Cuando en América Latina, el teatro colonial empezaba a tener prestigio, Pedro Jorge Vera (novelista, dramaturgo guayaquileño, 1914-1999) escribió El dios de la selva (1939); magnífica obra de teatro que debería pertenecer a la lista de prominentes dramaturgos latinoamericanos de ese entonces como Rodolfo Usigli, México; Virgilio Piñera, Cuba; Roberto Arl, Argentina.

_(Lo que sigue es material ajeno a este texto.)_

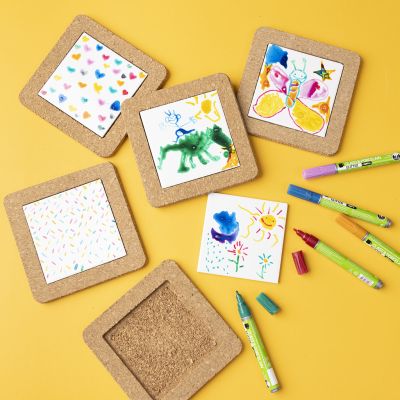 Coasters decorated with porcelain markers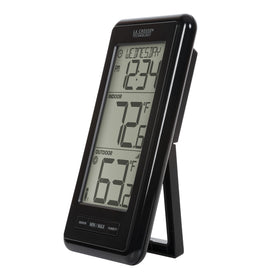 La Crosse 308-43647-INT wireless receiver shows calendar and clock at a glance.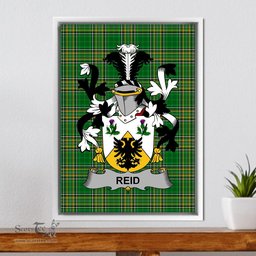 Irish Reid Coat of Arms Family Crest Ireland Framed Canvas Print Irish National Tartan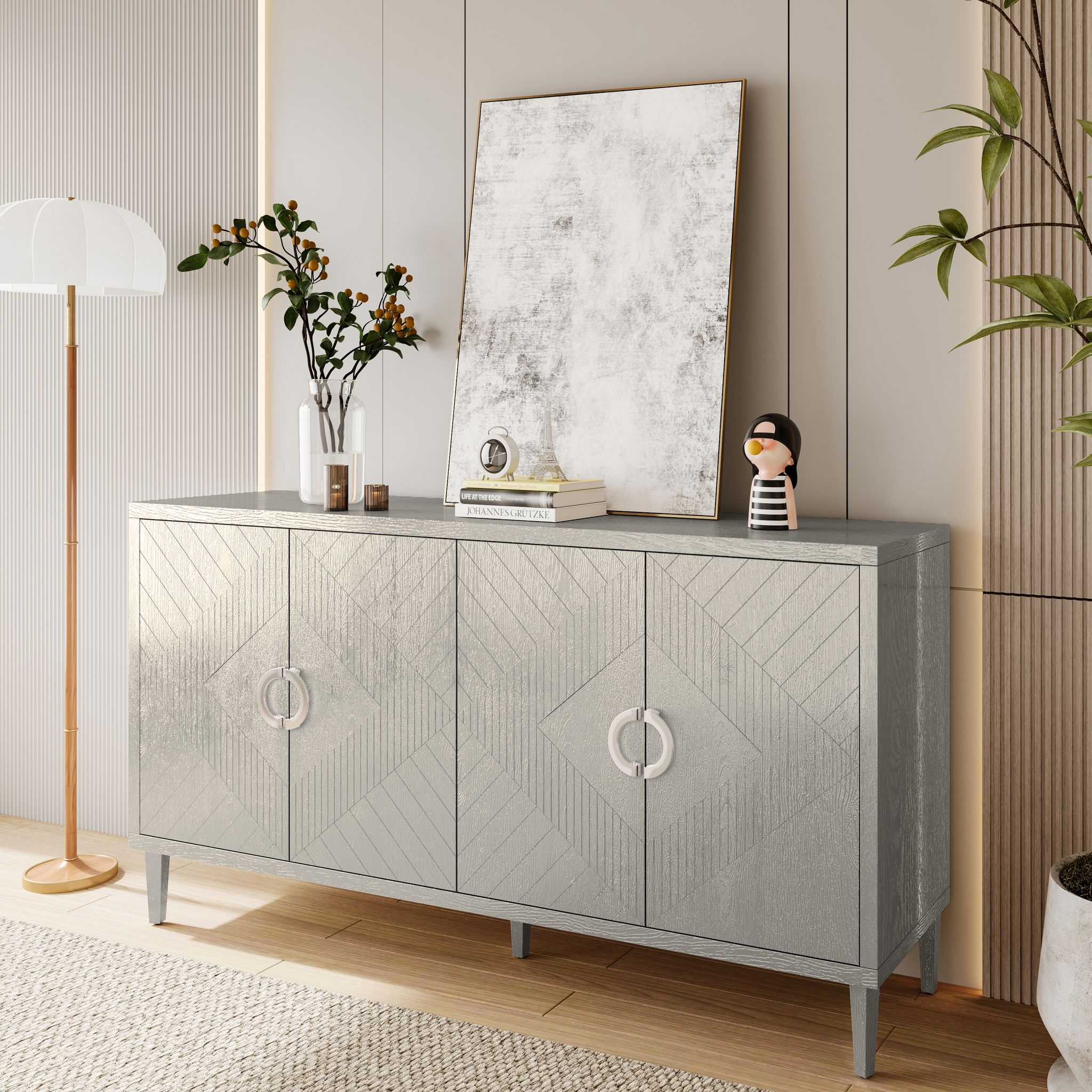 Stilvora Sideboard Mit 4 Türen Und Kiefernholzbeinen, Griffe Aus Zinklegierung, Zeitloses Design, Aus Mdf, 152×40×82, 5 Cm, Champagner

Pedro J. Vera obtiene reconocimiento nacional junto a otros colegas como Jorge Icaza, Demetrio Aguilera Malta, etcétera, pero no precisamente por escribir teatro. En 1930 las leyes latinoamericanas y gringas empezaron a visualizar un prometedor futuro económico en la selva amazónica en la agricultura y la explotación de minerales. El éxodo de los ciudadanos hacia la selva en busca de un mejor vivir económico fue elevado e imparable. La Amazonía vivió una segunda colonización después de que los países latinos se proclamaron repúblicas soberanas. El dios de la selva, desde mi punto de vista, es una obra que debe ser ovacionada, reconocida, porque nos ubica en una época ecuatoriana olvidada; consolida la identidad mestiza en la Amazonía (para bien o mal); resalta la poética entre conflictos y devenires de los personajes; justifica el amor propio más allá de creencias religiosas. El protagonista se reconoce elegido por la madre tierra; la rescata de los “gringos” porque “los derechos de la tierra son anteriores a los derechos de los hombres”. La tierra le habla a Avilés desde su instinto de macho y cuando ataca el conformismo de sus discípulos. El primer drama moderno (1900-1950) de Europa se confabula orgánicamente con Latinoamérica. Magaly Muguercia aclara la importancia de que estas vanguardias estéticas se vincularan con el teatro de este continente, pero también comenta que “el arte en América Latina tiene una gran tendencia a mitificar y exaltar valores simbólicos, además de ahondar en culturas marginadas. América Latina no solo está obsesionada con la historia, sino también por sus pertenencias culturales por la diversidad…”. Ignoro la cercanía que pudo tener Vera con otros dramaturgos de países vecinos antes de escribir El dios de la selva, tiene influencias de Strindberg-

Nietzsche y Shakespeare; se pueden apreciar las desavenencias de los personajes consigo mismos, donde el amor puro se corrompe entre el poder y la propiedad privada. Avilés es Macbeth, pero no se contenta con el reino, quiere ser dios, sabe que los obreros no son enemigos porque ellos llevan el “fracaso en la sangre”. Este Macbeth ecuatoriano cree en el destino (no trágico) amatorio y de conquistas. Cuando Dalia le confiesa que como dios solo sabe “amar y apretar”, y que el poeta Jorge “canta y sueña”; él no se rinde pero recuerda: “… ¡perdonar!… ¡Qué asco!… Un cornudo es menos que una mujer”. Dalia vuelve a él, descubre que este dios también canta cuando se enfrenta al peligroso río que amenaza la pequeña aldea; mientras que el doctor ebrio sabe que Avilés “canta y mata” porque “para ser un gran aventurero hay que ser un gran asesino”. Pedro J. Vera vislumbra diversas voces en esta obra de teatro, el dios, el poeta, la amante, el sarcástico y el pueblo. Avilés defiende con soberbia lo que (no) le pertenece, comanda y explota a la Amazonía. Quizás haya muchos más datos que se me escapan, por eso invito a que se sumen más voces para que El dios de la selva cruce fronteras y encuentre el reconocimiento merecido. (O)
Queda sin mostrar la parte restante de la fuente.